What do the Stark County Treasurer’s and the Casey Anthony cases have in common? Both are about believing in the system of law and justice that we have in place. Alex Zumbar took the high road in stating that, even though the court’s judgment on his staying in the Treasurer’s job went against him, he believes in the system that decided it.
Many don’t trust the system that gave the final verdict in the Anthony case. (Ditto on Zumbar case too, from the reports I’ve read and the people I’ve talked to). But what we believe (or want to) isn’t really relevant here. No case can be decided by public opinion polls.
We weren’t in that courtroom listening to the arguments and evidence presented. Too often the media and the public come down in a different place than those actually involved precisely because they weren’t there, they don’t have all the facts, they allow “spin,” surface stuff and emotion to affect what they believe.

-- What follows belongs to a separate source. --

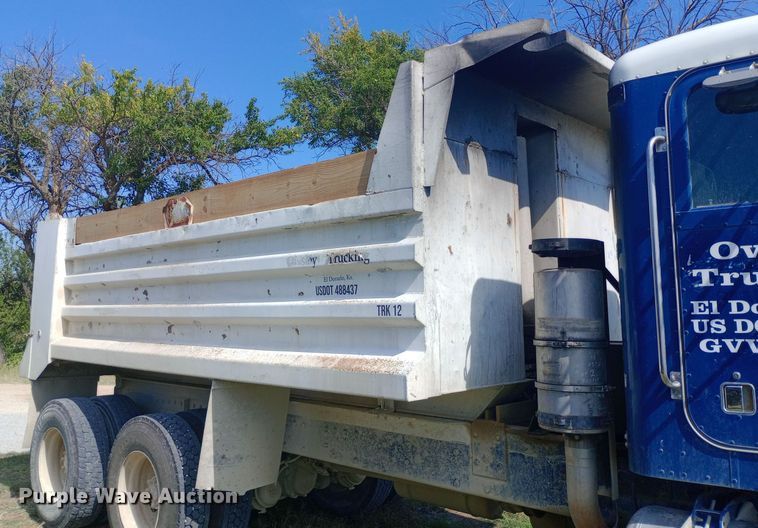 image for item DH1400 2000 Peterbilt 357 dump truck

This is like those who want to live in a just world where wrongdoing and evil people are punished, but they don’t want God to be a just Judge. I know because I hear this as one of the big criticisms people use to attack Christianity and God: “How can you serve a God who condones so much killing in the Old Testament?”
Do you mean the times God told Israel to “totally destroy” (ten times just in Joshua 10) those nations who sacrificed their children to their gods, who ripped open pregnant women, and crushed the skulls of the infants of the peoples they conquered, who engaged in sexually depraved worship, who were into sorcery, witchcraft and the like (see Deuteronomy 18:9-13; 20:17-18; Psalm 137:8-9; Amos 1:13)? That’s the kind of folks God told Israel to “totally destroy.”
We either believe in our system of justice and a God who always punishes wrong fairly and eventually (Psalm 9:16), or we can live in a world without them--a dark, dangerous, chaotic and unjust place. We can’t have it both ways.